Broad did not deny reacting strongly to errors but insisted it never spilled over into bullying, likening his actions instead to former Manchester United goalkeeper Peter Schmeichel’s outspoken defensive organisation.

“It is sad and disappointing to hear KP saying he felt bullied throughout his England career,” Broad told the Mail on Sunday.

“I’ve not heard other people say they felt it was that way but I can’t sit here and say he is wrong because if he felt that way then he’s right to come out and say so. He has every right to express those opinions.

“But I wasn’t aware he felt like that at the time and I don’t believe other players were either. That word ‘bullying’ never entered my head at any stage in eight years of playing alongside KP in the dressing room.

“I’ve certainly had times when I expressed my disappointment at a poor piece of fielding but it’s always come from an inner will to help the team get better. I can’t remember any raised voices or arguments in the changing room or when guys have come off the field and said ‘that was too much’ or ‘that was too aggressive’.

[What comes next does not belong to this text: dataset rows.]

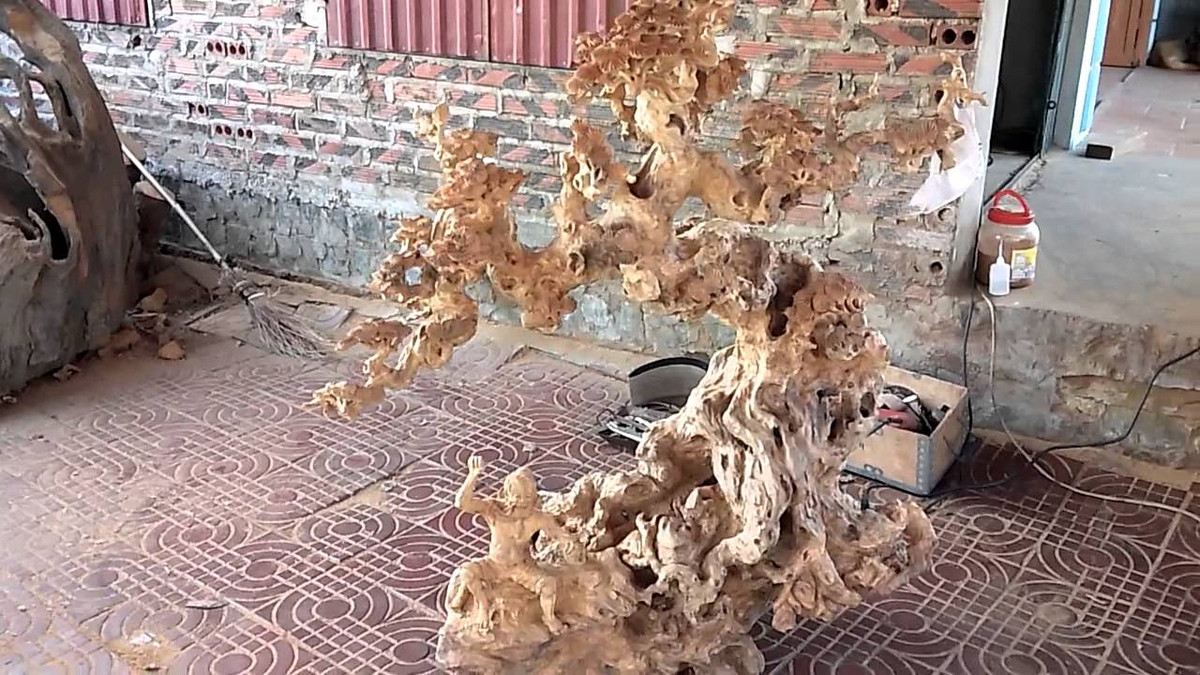 Bonsai gỗ lũa siêu độc đáo. Ảnh: Youtube.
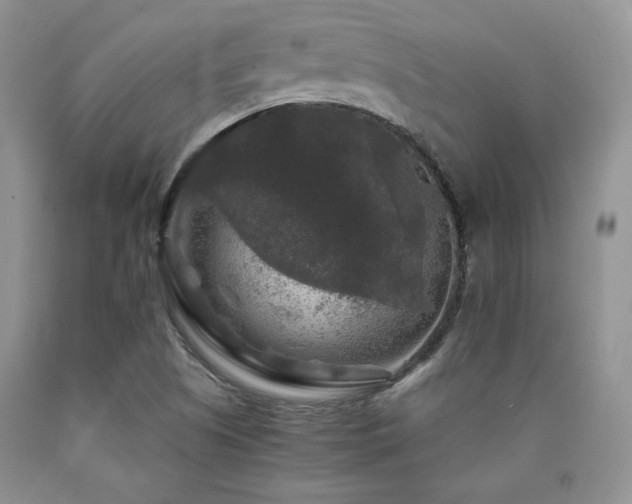 X0000090761505200707201453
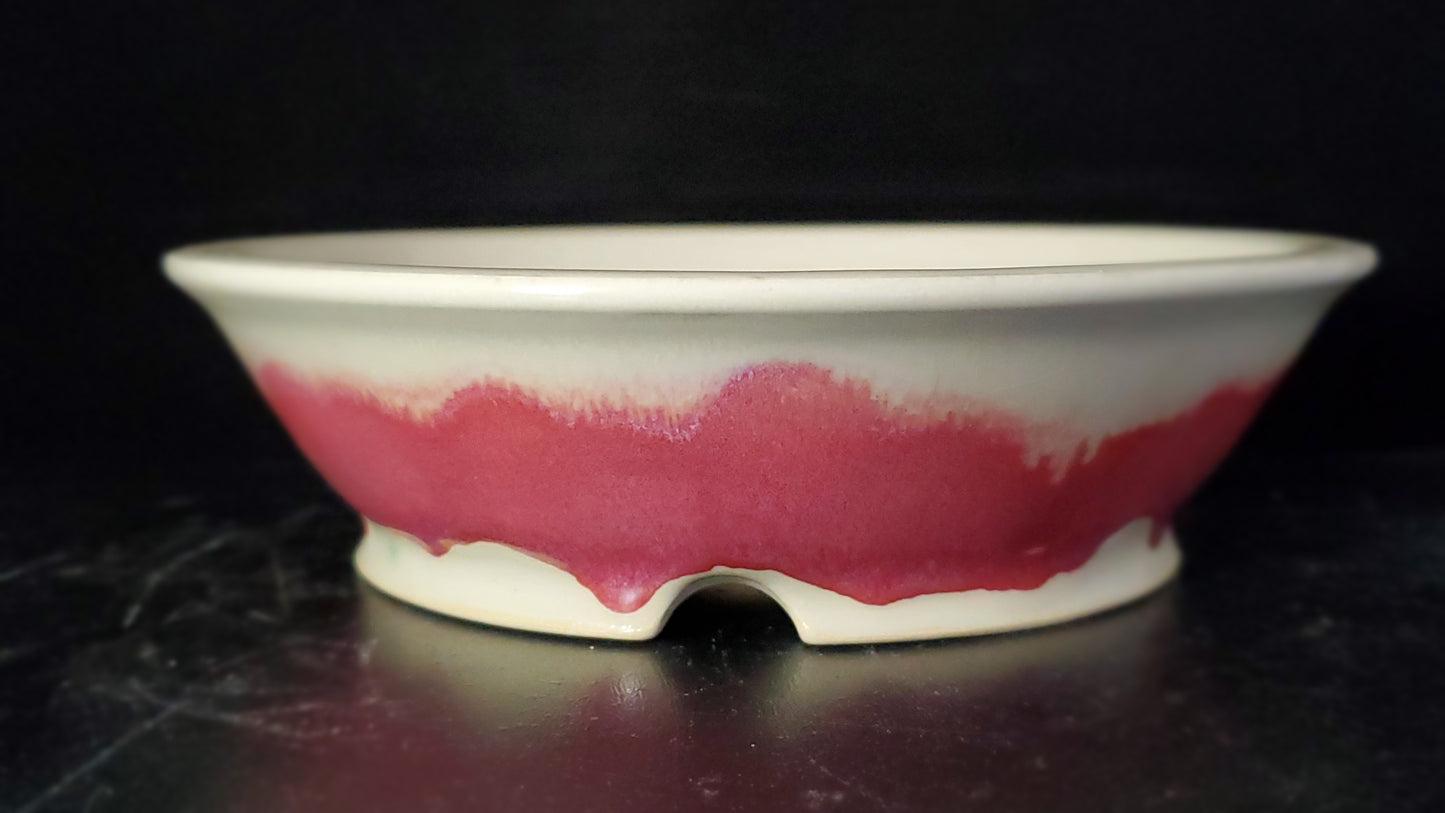 Bonsai Pot Round 9-24-1514 7.25"w x 2"t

“I grew up admiring sporting heroes like Martin Johnson, Lewis Moody, Peter Schmeichel, Stuart Pearce and sportsmen like that. They were all fairly outgoing, want-to-win type of characters. I wonder if guys like Gary Pallister and Steve Bruce were offended when Peter Schmeichel shouted at them when they made a mistake? I don’t know, you’d have to ask them.”

Pietersen did not suggest he had been bullied in the dressing room, although the “KP Genius” parody Twitter account was a high-profile source of consternation. Broad once again denied any involvement with the account run by his friend Richard Bailey.

Pietersen claimed at the time his book was published that he could return to the England set-up in the future if Giles Clarke were to stand down as chairman of the England and Wales Cricket Board.

But despite being under contract with Surrey throughout last season, he has not played a first-class game since England’s dismal campaign in Australia.

And Broad said: “His last red-ball game was in Sydney. He’s 34 and hasn’t played any long-form cricket in the best part of a year. He’s not putting his name out there.”

Broad himself has been absent from the team in recent times following knee surgery and is not part of the current tour of Sri Lanka, but is confident of returning ahead of February’s World Cup Down Under.

“The surgery has gone brilliantly,” he said. “I’ve been running flat out now for two and a half weeks and I did my first proper bowling last Friday. If I have no setbacks I’ll be good to go for the World Cup.”